Surat ijin pengacara praktek--atau yang dikenal dengan sebutan Surat Keterangan Pengadilan Tinggi (SKPT)--memang menjadi modal yang sangat berharga bagi setiap orang yang akan menjadi pengacara praktek. Sehingga tidak jarang, banyak calon pengacara praktek mengambil jalan pintas untuk bisa mendapatkan surat ijin tersebut.
Bahkan, pengacara rela sogok sana-sini untuk mendapatkan SKPT. Paling tidak dari obrolan-obrolan ketika akan diadakan ujian pengacara praktek, hukumonline sempat mendengar beberapa peserta mengaku sudah mengeluarkan uang antara Rp8 juta sampai dengan Rp12 juta agar bisa lulus ujian pengacara praktek.
Dedi--bukan nama sebenarnya--mengaku harus mengeluarkan uang sogokan sebesar Rp10 juta kepada pengacara yang menjadi anggota Komite Kerja Advokat Indonesia (KKAI) agar ia bisa lulus ujian pengacara praktek.
Selain Dedi, ada juga Astrid--bukan nama sebenarnya--yang juga menjadi peserta ujian pengacara praktek terpaksa menyogok orang dari Mahkamah Agung (MA) sebesar Rp15 juta agar ia bisa lulus ujian praktek. Di samping sogok menyogok, para calon pengacara juga berusaha membeli soal ujian sebesar Rp3 juga sebelum ujian berlangsung.
Sogok menyogok rupanya sudah menjadi "penyakit" lama dalam pelaksanaan ujian advokat. Para peserta yang tidak begitu 'pede' (percaya diri) atau yang malas mengikuti ujian, lalu menempuh cara kotor. Prinsipnya ada fulus (uang), toh bakal lulus.

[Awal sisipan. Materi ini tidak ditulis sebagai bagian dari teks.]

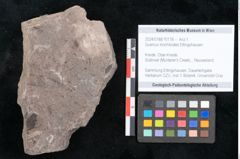 Foto (Objekt + Etikett) von Quercus lonchitoides Ettingshausen (NHMW-GEO-2024-0188-10178)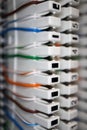 Telecommunication quick connect punchdown blocks with colorful twisted pair close up Royalty Free Stock Photo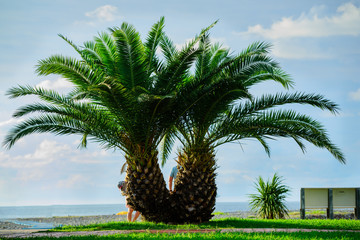 Naklejka premium Phoenix roebelenii (Pygmy date palm) over the Black Sea background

Mereka yang mengambil jalan pintas agaknya memang tidak mau keluar keringat. Pasalnya, mendapatkan SKPT memang butuh perjuangan. Para calon pengacara praktek harus terlebih dahulu lulus ujian tertulis pengacara dan kode etik, sebelum ia bergelar pengacara praktek.
Berdasarkan kesepakatan bersama Mahkamah Agung (MA) dan Komite Kerja Advokat Indonesia (KKAI) pada Februari 2002, ujian tertulis pengacara praktek dilaksanakan bersama antara Pengadilan Tinggi dengan organisasi advokat. Sementara ujian kode etik dilaksanakan oleh KKAI.